Los que habíamos prestado atención en las formas redonditas de la piba nos miramos extrañados ya que, de no ser una joda, la situación no se comprendía y el tipo por la facha, jodón, no me pareció.
- ¿Qué?- dijo sorprendido el Negro.
- ¿Sos sordo o te hacés? Te dije que ella también juega.- retrucó el mastodonte, alzando la voz.
- Pero flaco, como va jugar si es una mina-. dijo el Negro.
- Si yo dije que ella juega, ella juega.- gritó el tipo levantando los hombros, mostrando, deliberadamente, una imagen mucho más bestial de la que por naturaleza tenía.

Me pareció que el Negro ahí se dio cuenta de la situación. Sorprendido, buscó el apoyo y la complicidad de los demás y notó que por sobre el montón de guapos que hasta hacía instantes se prometían trompadas y venganzas en pos de sus ideales, flotaba ahora un manto de resignación y cobardía. Cuando se dio vuelta para mirarme me encontró justo con la mirada clavada en el suelo, atándome las zapatillas por cuarta vez.
Sin darle tiempo a reaccionar, con una concurrencia muda e indiferente, la misma que momentos antes, en la elección, eran capaces de enfrentar al ejército de Atila con un revolver a sebita, el grandote se metió a la cancha con la piba. Y dijo como dueño absoluto de la situación:
- Yo juego de este lado y vos, Fernanda, de aquel.-
Un silencio de cementerio sobrevoló la cancha y nadie se atrevió a decir palabra. El tipo se fue para lado del arco contrario y Fernanda se acercó para el lado mío.

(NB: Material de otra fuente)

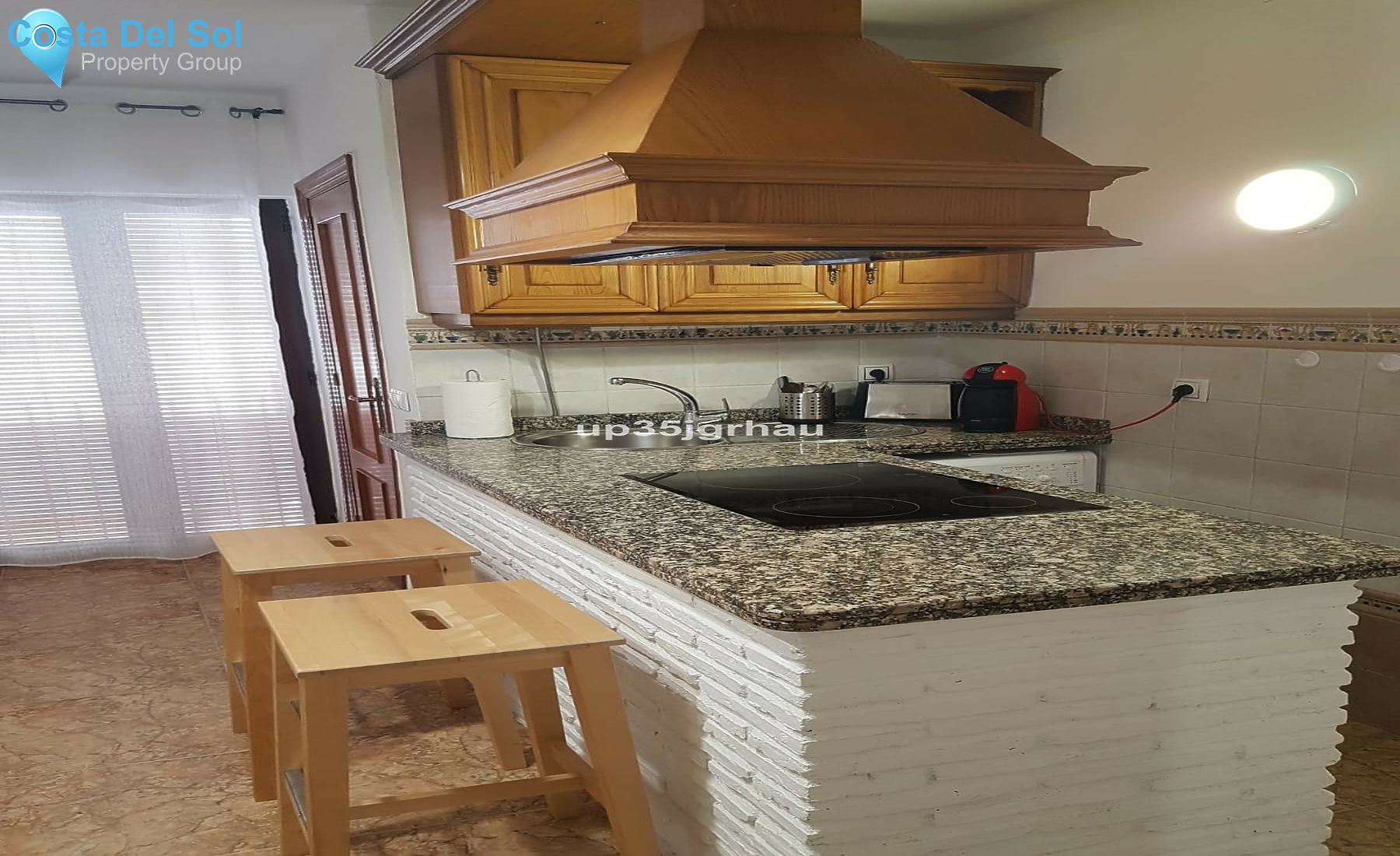 Middle Floor Apartment in Estepona-1361454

Y unos momentos después me dí cuenta que Fernanda no iba a ser una mujer más para mí, cuando, en un momento sagrado, me miró fijo con unos profundos ojos azules y me hizo sentir que jamás había mirado así a ningún otro hombre y en un gesto de complicidad, que solo yo entendí, me convirtió en dueño absoluto del universo.
Así como así, con naturalidad, paró la pelota suavemente con su empeine derecho y me la tiró bombeada, chanchita, en una comba perfecta, por sobre la espalda del último defensor.